From AT to ArchivesSpace Part 1: Installation and Cleaning Data for Migration

About a year and a half ago, we decided that we were going to make the switch from our current Archival Management System, the no-longer-updated Archivists Toolkit, to its next iteration, ArchivesSpace. The RAC officially began preparing ourselves for ArchivesSpace in January of 2014.

At the beginning of the project, we were working with AS version 1.0.4, which was the fourth iteration of the system since its official release at the end of September 2013. Throughout the process, the ArchivesSpace project team primarily consisted of four members: myself, Digital Team Assistant Director Sibyl Schaefer, our Systems Administrator Jose Morillo, and Lead Digital Archivist Hillel Arnold. The project team was small, our goal was to adopt a user-centric approach to the migration, so we worked closely with members of the Archival Services, Processing, Reference, and Collections Development groups, and involved them in almost every step of the process.

I started working at the RAC in late September 2013, fresh out of graduate school, having touched the system less than five times in my life up to that point. While the RAC did not hire me specifically for the ArchivesSpace transition, within my first month of work, Sibyl placed me in charge of the migration. I spent much of the next year going from feeling like a babe in the woods to an expert, and hopefully this series of posts will give context to how I became an expert at the system. I’ll outline the major steps we took along the way with the amount of hours I spent on each stage, so you can have a comprehensive understanding of how long it might take someone with slightly above average computer skills to make the same journey. I should note that much of the work happened concurrently, but in interests of clarity and legibility I have broken the work into discrete segments. The entire project took about 550 FTE hours over 11 months.

Now that I’ve set the stage, let’s jump into an actual review of the work!

INSTALLATION AND SETUP – 40 hours in 11 months

The very first thing I did was install ArchivesSpace on my work desktop and get a local instance of it up and running. Local installation took less than thirty minutes to get up and running, and literally included unzipping a group of folders to a folder on my desktop. I spent about five hours familiarizing myself with the system, and going back and forth between AT and AS to compare and contrast the terminology, user interface, and base functionality. After one day, I felt confident that when we put the system up on a server, I would be able to identify whether it was running properly or not.

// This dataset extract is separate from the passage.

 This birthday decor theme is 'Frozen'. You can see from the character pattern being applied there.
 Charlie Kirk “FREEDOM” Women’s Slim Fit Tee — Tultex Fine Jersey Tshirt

I enlisted the help of our System Administrator in getting our virtual machine and server set up. We set up an internal-facing server running on CentOS and Apache. If you’re already familiar with Linux, you might be able to do this without the help of a Sys Admin. In our case, the Sys Admin completely set up the Virtual Machine, bought the domain names we would be using for the live environment, and set it so that only users on the internal RAC network would be able to access the domain.

After the VM was up and running, getting ArchivesSpace installed was as easy as following the instructions in the ReadMe file! I had root access to the distribution, so, with the help of my handy Linux Pocket Guide, I got the system running against MySQL in less than two hours. All it took was setting up a blank MySQL database, using wget to download the latest ArchivesSpace release, unzip the source code, running one setup script included with the source code, and editing ArchivesSpace’s configuration file to match the name of our database; all of which is outlined in detail in the installation instructions.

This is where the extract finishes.